Sql – How to get distinct rows faster from a huge table

distinctgroup-byoracleperformancesql

I have a huge table which contains about 250 million rows. I have only SELECT privilege to this table. My intention is to query distinct records from a specific columns. I'm using a query

select var1, count(*)
from hr.hugetable
group by var1

This query takes about 15 minutes to complete. There is no index on var1 and I'm not able to add it. Is there a way to refine this query to fetch results faster? This query would also do it (I do not need count the record, only distinct values), but I think it is not faster.

select distinct Var1
from hr.hugetable

Best Answer

You should talk to your DBA about your options, including indexing the column, and potentially more involved possibilities like a materialized view, if it's a frequently-executed query.

One possibility to consider is to parallelise the query, but be aware that this could actually slow it down depending on where the bottleneck is. There's a white paper from Oracle on parallelisation.
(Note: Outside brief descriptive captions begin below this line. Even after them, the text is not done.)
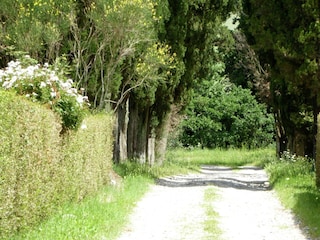 Ferienhaus Volterra Außenaufnahme 8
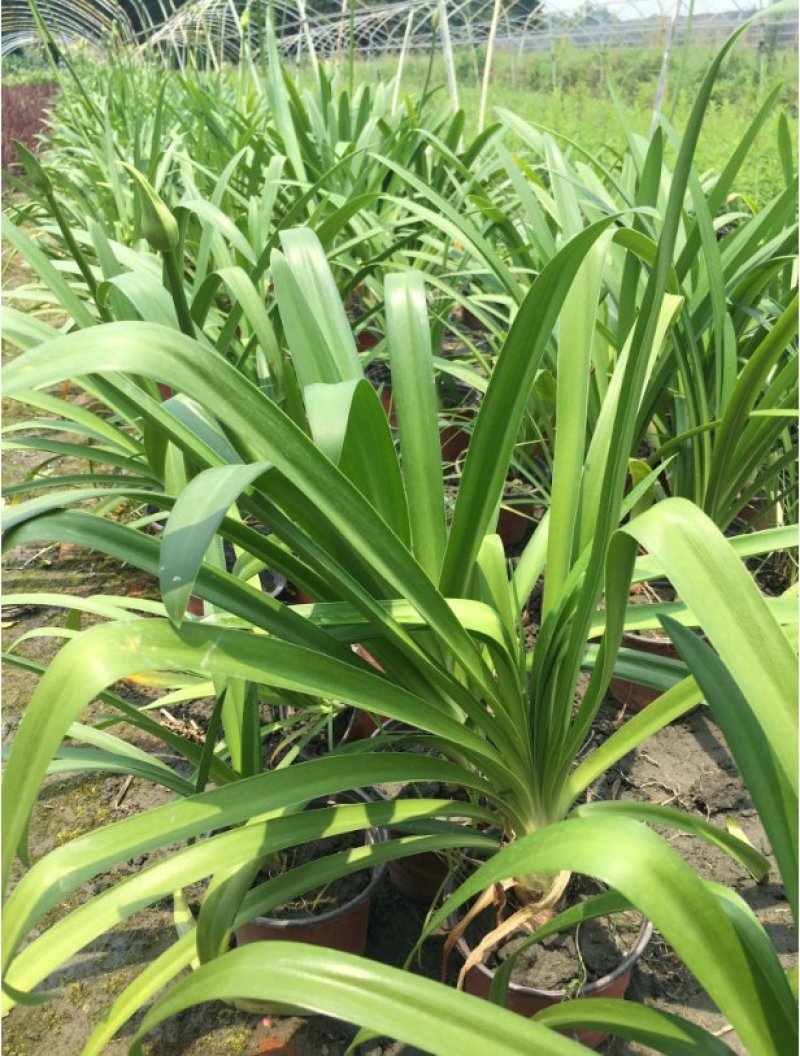百子莲杯苗，蓝花君子兰基地批发，非洲百合种植户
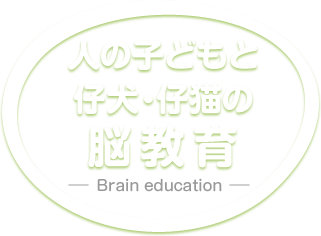 人の子どもと仔犬・仔猫の脳教育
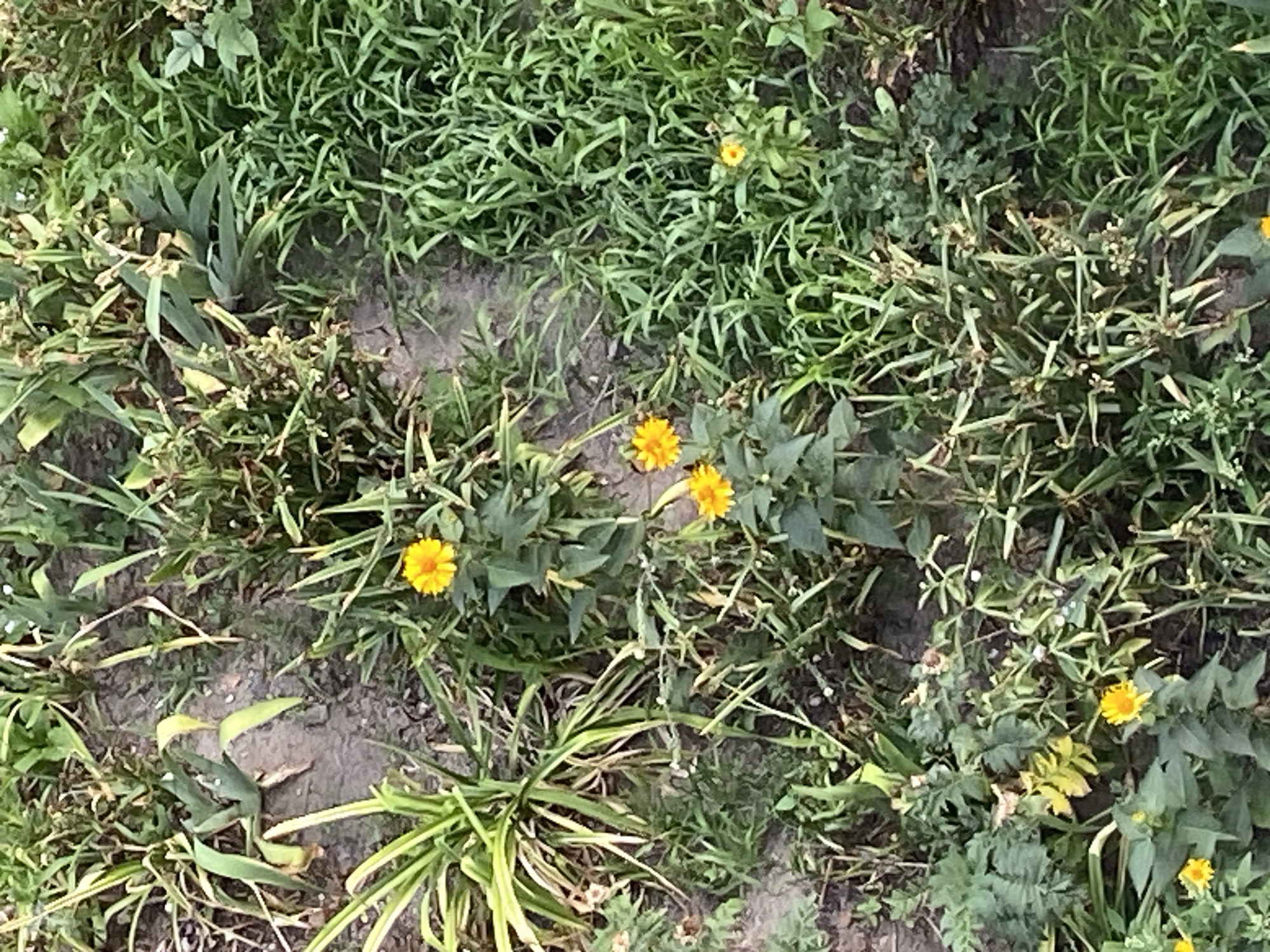 The image shows a close-up, overhead view of a patch of ground with vegetation. Several yellow flowers are visible, some in bloom and others as seed heads. The plants are a mix of green grasses and broader-leafed plants, with some dry, brown foliage also present. The ground appears to be a mixture of soil and some gravel. The scene is natural, possibly a garden or a neglected area. No people or animals are visible in the image. There are no specific landmarks or features that would help determine a location within Brest, Belarus.
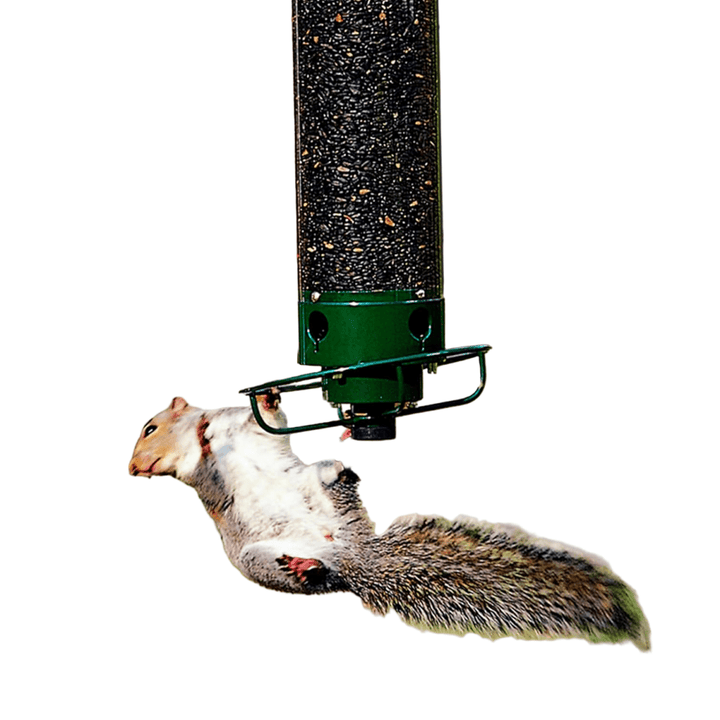 Lisslune | FEEDERGUARD – Squirrel-Proof Birdhouse for the Garden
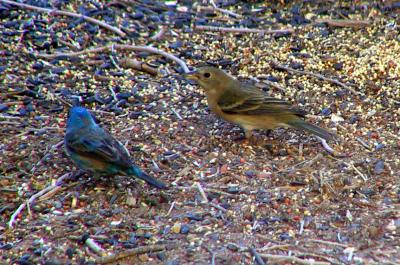 Indigo Bunting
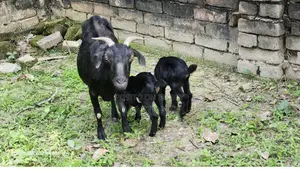 Goat with kids for sale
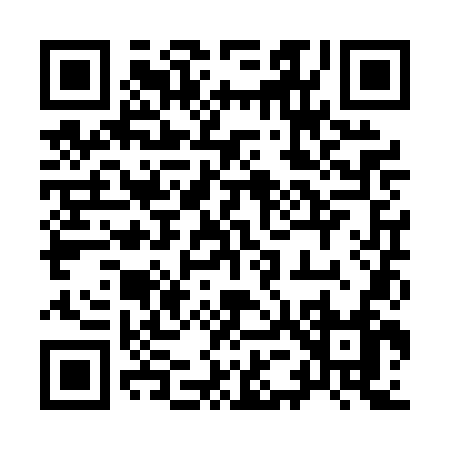 QR code for 951PN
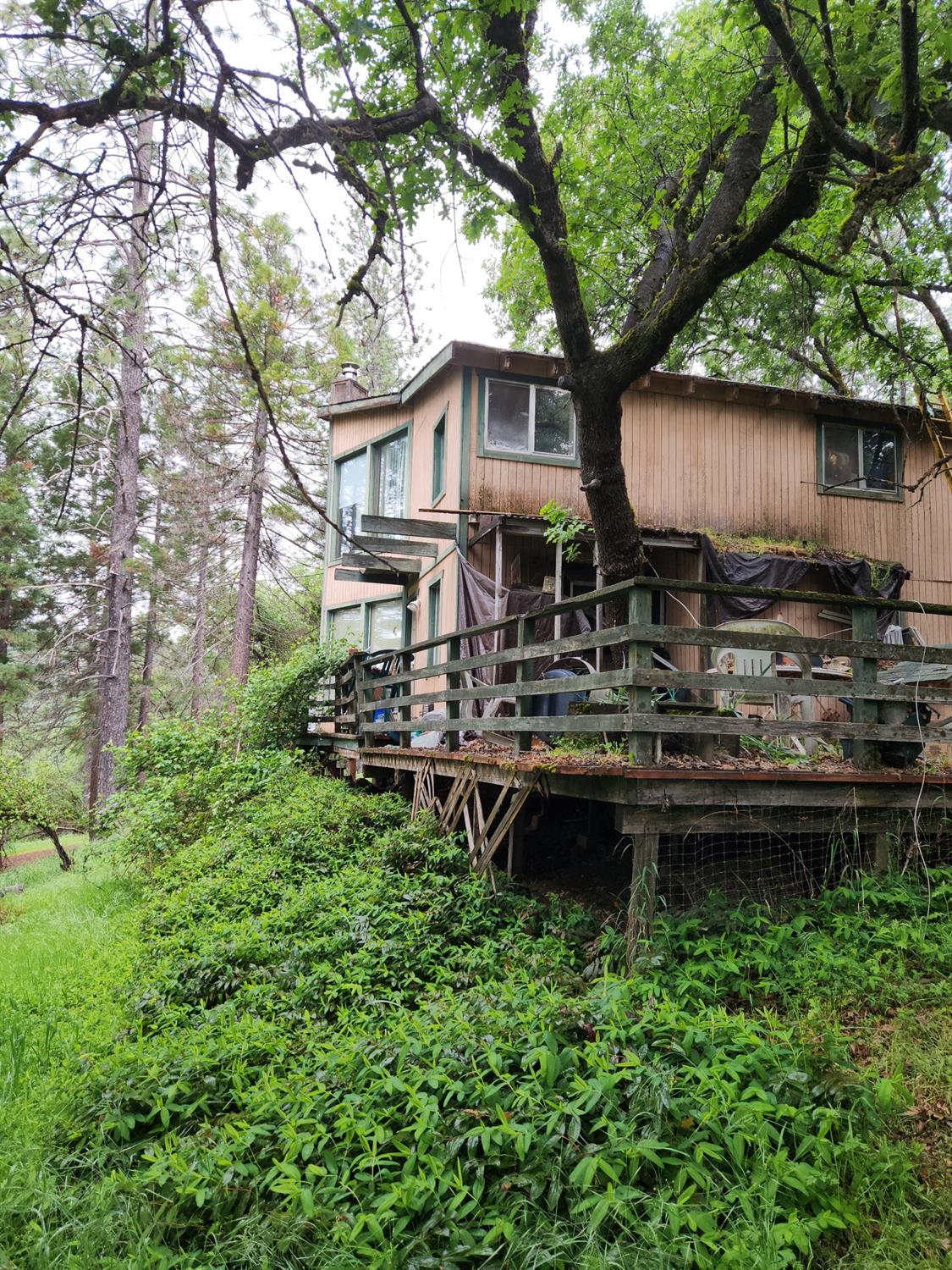 Patricia Way, Grass Valley, California image 27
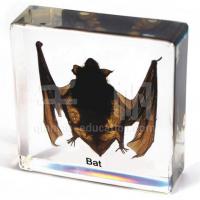 Large picture Educational Embedded Specimen - Bat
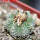 AZTEKIUM ritteri, 1 pcs. 2,2 cm + SEEDS, one 5 cm pot, SEEDLING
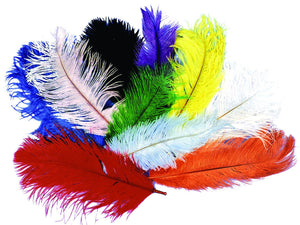 12"- 16" Ostrich Plume Costume - Trend Times Toy Stores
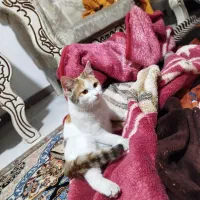 گربه خونگی|گربه|هشتگرد, هشتگرد قدیم|دیوار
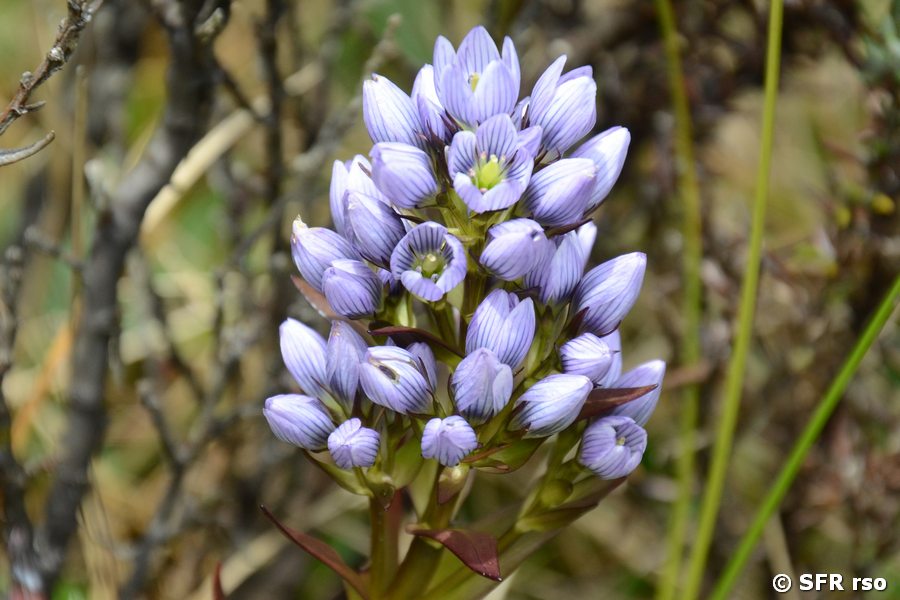 Gentiana sedifolia (Paramo-Pflanze)
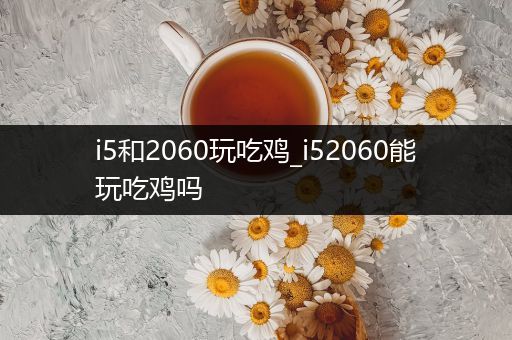 i5和2060玩吃鸡_i52060能玩吃鸡吗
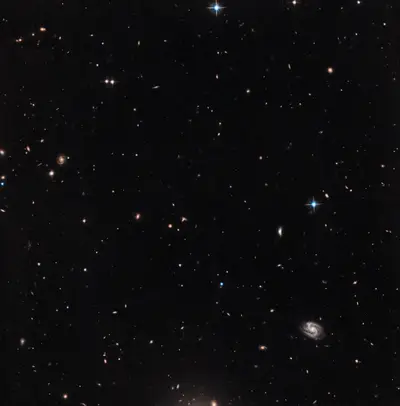 Hubble-Ausschnitt am Rand des Bienenkorbhaufens Messier 44 mit Sternen und Hintergrundgalaxien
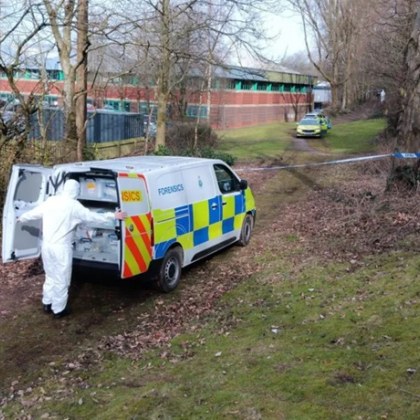 Човешки скелетни останки са били открити в гора близо до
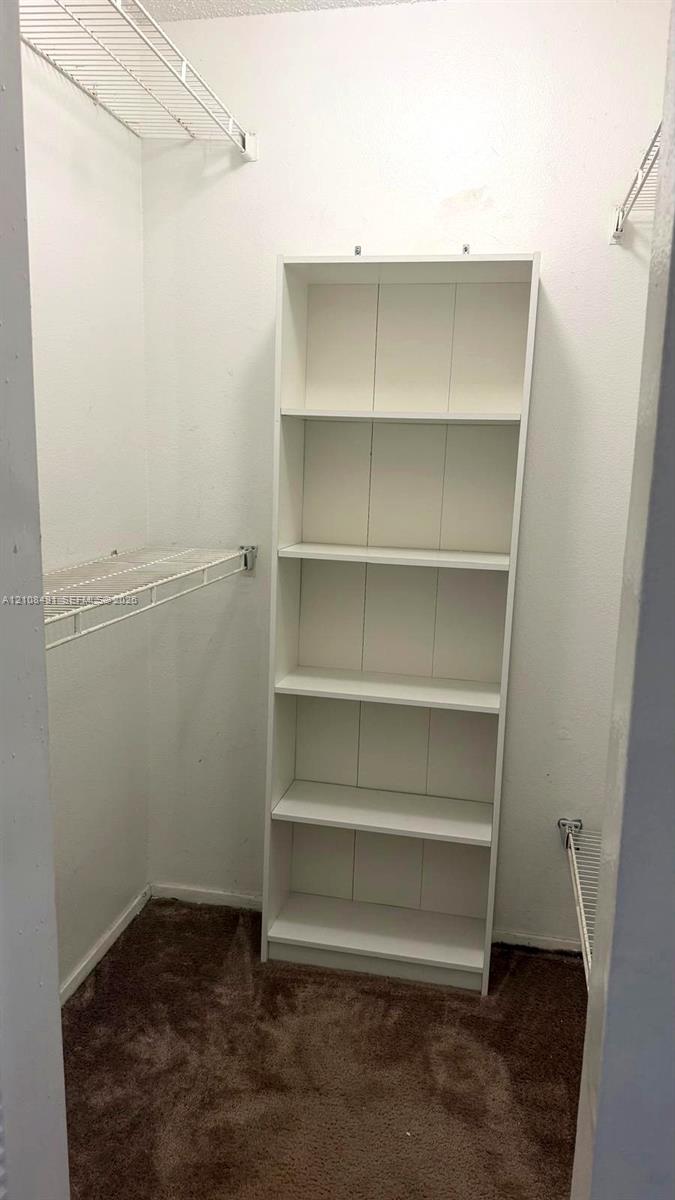 Walk-in storage space featuring built-in white shelving, wall-mounted wire racks, and carpeted flooring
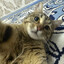 -WMrArab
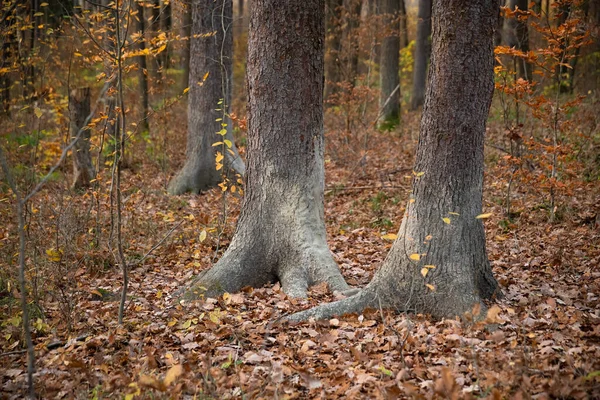 Mud on trees after wild boar, sus scrofa,s were scathing their fur there. Territorial marking of animals in forest. Nature scenery in autumn with orange and yellow leaves.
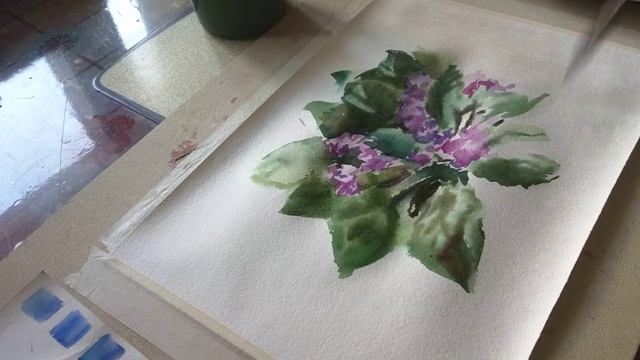 Как написать комнатную фиалку акварелью. Часть 2.mp4 смотреть онлайн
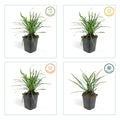Liriope muscari 'Big Blue' – 6 stuks leliegras, hoogte 10-25 cm, pot Ø9 cm, groenblijvende sierplant voor borders en tuinen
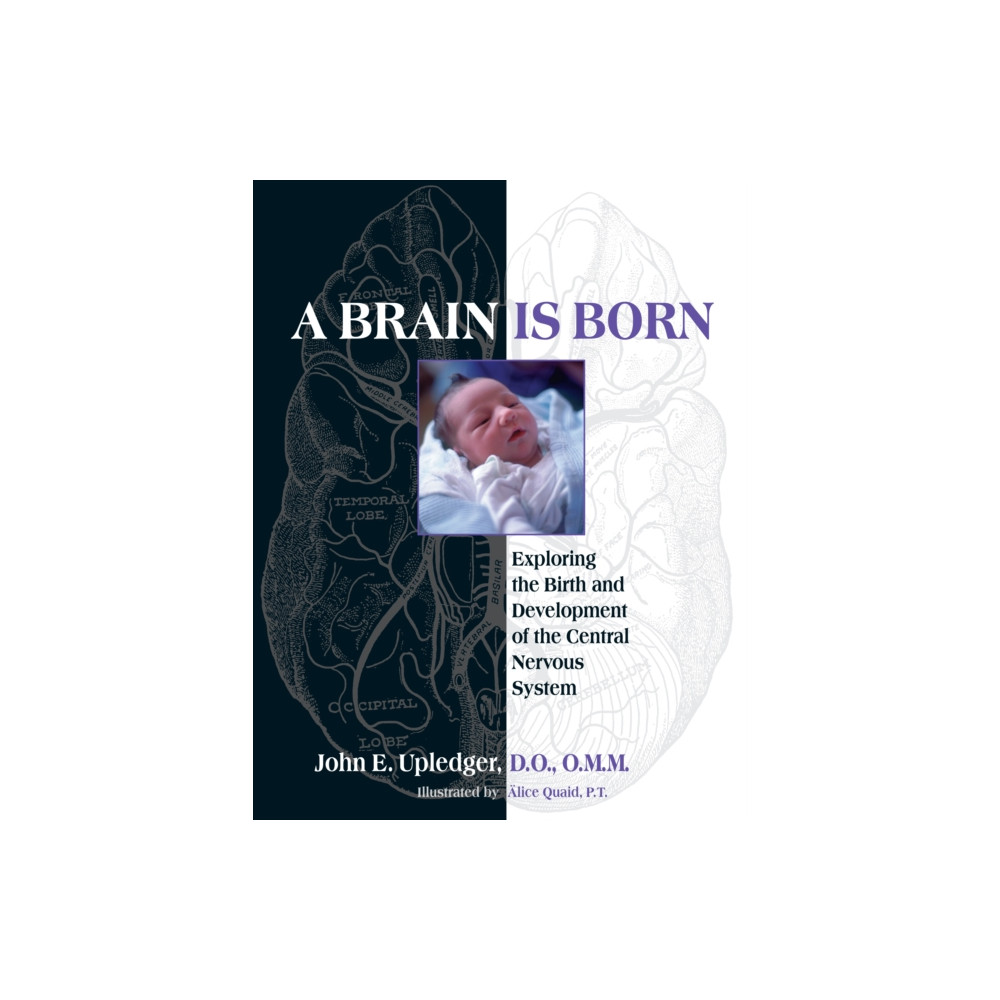A Brain Is Born (häftad, english) North Atlantic Books,U.S.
In principle you could add the parallel hint:

select /*+ parallel */ distinct var1
from hr.hugetable

You should discuss that with your DBA too, particularly the degree of parallelism (DOP) to use, and whether automatic DOP is appropriate. Also read up on what it does in the documentation, and compare the explain plans and timings - including at different DOP - to see what's appropriate. You don't want to risk impacting other users with what you're doing, so approach with caution, and with the DBA's involvement.